Update - Kick Ass 2018
I was diagnosed one year ago with stage three colon cancer. Prior to diagnosis I was experiencing anaemia, blood in stools, diarrhoea, abdominal pain and fatigue.
The tumour, along with half my colon, was removed via laparoscopic surgery. This was closely followed by six months of chemotherapy.
During treatment I found getting out of the house helped a lot with managing side effects and maintaining good mental health. Visiting friends, going for walks, coffee dates etc.
I'm currently in remission and hope to stay that way. People call cancer a "journey", I call it a hijacking.
If you find yourself struggling always reach out for help.
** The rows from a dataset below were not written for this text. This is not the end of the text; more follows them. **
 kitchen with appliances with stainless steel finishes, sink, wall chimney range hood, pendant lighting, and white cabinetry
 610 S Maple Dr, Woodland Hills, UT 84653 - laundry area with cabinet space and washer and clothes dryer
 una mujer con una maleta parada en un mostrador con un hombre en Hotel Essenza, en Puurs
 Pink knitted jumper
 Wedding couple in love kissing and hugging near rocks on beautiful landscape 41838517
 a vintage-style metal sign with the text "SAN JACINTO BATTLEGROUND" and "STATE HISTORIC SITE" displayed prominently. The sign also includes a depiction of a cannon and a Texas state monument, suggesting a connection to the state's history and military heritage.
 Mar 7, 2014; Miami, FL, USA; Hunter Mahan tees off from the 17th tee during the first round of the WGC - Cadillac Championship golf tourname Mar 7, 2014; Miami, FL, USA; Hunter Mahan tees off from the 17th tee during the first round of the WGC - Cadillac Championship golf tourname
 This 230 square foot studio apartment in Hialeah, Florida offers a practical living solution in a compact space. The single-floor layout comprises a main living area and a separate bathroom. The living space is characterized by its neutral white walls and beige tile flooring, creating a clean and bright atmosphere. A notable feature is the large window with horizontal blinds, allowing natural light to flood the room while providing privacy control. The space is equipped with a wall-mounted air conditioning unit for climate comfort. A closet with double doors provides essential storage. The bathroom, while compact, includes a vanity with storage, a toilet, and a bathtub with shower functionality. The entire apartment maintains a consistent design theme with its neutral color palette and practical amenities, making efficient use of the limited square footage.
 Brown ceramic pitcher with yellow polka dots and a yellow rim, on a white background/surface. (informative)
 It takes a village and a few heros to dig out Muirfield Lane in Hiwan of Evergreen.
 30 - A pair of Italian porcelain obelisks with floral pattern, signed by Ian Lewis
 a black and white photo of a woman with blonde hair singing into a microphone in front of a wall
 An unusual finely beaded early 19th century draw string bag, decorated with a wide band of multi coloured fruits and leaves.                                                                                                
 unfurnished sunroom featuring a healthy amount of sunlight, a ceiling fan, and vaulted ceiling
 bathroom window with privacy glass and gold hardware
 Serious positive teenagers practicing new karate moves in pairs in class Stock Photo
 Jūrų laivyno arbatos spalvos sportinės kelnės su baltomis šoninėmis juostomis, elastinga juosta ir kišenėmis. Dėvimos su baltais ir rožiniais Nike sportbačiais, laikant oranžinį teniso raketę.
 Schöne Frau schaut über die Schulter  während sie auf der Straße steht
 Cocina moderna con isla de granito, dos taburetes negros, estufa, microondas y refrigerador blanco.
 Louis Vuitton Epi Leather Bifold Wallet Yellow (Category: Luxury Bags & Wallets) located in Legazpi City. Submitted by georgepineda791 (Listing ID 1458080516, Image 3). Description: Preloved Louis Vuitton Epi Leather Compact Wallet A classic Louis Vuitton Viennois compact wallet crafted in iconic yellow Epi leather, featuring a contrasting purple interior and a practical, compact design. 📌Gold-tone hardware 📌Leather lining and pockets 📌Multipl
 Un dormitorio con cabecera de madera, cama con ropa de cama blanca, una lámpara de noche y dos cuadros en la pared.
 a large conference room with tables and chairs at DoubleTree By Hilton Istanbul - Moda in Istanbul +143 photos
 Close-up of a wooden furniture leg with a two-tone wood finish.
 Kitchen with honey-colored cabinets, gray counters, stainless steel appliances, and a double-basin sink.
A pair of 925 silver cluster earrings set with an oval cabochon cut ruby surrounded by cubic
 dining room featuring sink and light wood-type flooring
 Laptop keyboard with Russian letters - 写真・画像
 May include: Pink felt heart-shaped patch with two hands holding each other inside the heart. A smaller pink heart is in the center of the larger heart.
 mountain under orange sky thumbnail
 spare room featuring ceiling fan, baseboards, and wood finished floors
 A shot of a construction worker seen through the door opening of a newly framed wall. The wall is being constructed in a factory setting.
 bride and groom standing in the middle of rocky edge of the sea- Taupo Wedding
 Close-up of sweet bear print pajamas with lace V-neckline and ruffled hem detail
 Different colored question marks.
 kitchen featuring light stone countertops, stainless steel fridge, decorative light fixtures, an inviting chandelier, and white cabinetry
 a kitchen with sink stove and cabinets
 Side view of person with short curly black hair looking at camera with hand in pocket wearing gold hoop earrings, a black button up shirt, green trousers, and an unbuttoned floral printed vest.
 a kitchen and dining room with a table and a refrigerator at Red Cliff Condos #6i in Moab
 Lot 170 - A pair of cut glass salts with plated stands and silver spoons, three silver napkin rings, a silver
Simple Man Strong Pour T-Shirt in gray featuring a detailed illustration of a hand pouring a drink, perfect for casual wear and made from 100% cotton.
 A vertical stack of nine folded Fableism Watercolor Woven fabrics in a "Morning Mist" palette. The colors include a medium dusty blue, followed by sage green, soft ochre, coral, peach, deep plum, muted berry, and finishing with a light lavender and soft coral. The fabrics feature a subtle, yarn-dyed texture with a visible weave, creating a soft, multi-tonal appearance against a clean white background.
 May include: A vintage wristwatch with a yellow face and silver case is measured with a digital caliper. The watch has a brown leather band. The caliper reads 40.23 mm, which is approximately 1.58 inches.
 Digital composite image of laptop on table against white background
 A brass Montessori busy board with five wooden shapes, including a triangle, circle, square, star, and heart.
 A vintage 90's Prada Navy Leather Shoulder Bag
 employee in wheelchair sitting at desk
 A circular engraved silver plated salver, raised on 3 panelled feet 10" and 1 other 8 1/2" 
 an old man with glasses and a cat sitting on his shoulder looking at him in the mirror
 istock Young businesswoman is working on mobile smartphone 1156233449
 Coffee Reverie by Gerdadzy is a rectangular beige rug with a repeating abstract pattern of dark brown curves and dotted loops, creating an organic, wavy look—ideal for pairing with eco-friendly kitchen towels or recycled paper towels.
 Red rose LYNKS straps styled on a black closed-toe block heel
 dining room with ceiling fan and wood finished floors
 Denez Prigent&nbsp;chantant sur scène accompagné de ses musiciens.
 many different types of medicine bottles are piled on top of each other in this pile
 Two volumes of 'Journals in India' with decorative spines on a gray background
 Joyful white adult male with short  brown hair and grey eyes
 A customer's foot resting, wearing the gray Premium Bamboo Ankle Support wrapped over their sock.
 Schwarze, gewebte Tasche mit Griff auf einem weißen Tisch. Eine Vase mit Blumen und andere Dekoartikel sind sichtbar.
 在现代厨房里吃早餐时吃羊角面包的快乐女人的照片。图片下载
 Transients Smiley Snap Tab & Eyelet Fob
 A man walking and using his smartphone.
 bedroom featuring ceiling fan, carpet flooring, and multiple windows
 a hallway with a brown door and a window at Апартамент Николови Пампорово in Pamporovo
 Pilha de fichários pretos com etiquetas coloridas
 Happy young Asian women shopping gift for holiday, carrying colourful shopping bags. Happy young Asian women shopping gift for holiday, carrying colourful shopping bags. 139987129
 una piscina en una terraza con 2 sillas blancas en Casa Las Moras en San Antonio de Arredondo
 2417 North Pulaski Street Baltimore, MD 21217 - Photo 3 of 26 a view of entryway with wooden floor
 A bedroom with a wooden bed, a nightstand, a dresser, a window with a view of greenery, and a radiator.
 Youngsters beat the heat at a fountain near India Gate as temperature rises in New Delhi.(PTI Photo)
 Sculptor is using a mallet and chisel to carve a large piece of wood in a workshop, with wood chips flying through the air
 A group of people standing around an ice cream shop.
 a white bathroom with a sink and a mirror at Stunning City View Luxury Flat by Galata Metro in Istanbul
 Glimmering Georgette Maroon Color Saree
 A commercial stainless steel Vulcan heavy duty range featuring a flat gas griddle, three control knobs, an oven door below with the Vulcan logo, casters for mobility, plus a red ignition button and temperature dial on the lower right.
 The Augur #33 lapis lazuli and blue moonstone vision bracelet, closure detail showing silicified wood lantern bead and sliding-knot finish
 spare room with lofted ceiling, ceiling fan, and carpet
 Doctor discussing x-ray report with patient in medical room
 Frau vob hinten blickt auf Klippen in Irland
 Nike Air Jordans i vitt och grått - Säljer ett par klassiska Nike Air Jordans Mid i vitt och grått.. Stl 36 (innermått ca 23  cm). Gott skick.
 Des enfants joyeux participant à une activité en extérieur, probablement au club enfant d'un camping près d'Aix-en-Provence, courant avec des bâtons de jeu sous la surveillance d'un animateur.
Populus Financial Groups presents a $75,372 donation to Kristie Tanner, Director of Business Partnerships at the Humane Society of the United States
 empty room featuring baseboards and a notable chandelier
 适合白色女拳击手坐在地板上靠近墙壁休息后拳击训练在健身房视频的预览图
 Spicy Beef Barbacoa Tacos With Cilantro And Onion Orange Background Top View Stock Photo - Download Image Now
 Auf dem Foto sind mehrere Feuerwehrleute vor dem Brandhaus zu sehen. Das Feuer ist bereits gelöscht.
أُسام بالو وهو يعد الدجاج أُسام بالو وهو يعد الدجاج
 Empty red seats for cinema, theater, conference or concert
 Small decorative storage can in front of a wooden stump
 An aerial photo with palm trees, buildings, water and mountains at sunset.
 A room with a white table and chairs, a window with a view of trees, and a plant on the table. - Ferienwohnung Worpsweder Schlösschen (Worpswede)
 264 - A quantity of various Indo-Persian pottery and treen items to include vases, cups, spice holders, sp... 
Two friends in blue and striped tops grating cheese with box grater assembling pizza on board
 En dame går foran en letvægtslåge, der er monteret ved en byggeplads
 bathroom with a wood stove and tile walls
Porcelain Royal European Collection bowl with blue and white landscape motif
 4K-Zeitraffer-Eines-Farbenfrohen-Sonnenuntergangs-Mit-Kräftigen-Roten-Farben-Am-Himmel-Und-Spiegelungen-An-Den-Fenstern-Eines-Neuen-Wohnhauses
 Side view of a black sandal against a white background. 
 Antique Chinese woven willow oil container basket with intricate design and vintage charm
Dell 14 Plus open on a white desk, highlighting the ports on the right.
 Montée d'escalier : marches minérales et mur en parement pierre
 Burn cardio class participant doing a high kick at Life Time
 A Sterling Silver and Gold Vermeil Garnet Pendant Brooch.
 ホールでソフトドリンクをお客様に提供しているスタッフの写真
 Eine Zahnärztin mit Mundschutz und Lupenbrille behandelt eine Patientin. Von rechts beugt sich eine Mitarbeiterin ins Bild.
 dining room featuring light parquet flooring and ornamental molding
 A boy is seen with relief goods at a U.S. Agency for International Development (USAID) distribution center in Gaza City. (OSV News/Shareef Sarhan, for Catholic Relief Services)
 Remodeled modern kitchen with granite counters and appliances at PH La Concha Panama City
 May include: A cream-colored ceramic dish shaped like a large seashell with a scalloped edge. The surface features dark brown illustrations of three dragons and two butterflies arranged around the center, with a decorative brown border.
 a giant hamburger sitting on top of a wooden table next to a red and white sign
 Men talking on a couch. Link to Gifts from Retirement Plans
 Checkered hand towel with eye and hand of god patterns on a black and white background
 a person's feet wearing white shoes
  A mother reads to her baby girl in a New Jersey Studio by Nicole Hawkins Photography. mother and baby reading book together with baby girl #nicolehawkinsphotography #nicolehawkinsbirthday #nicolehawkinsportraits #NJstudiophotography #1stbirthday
I found a beautiful bunch of women and with those women we created a Facebook group. A group where women going through bowel cancer can chat about chemotherapy, kids, bowel motions and everything in between. We even flew across the country to meet each other!
Bowel Cancer Australia has been a fantastic resource. The Nurses and Nutritionist have been exceptionally helpful. If I have any questions, I just pick up the phone and they're always there to listen.
If I could give one piece of advice to women going through a similar diagnosis it would be to stock up on toilet paper, you'll use a crap load!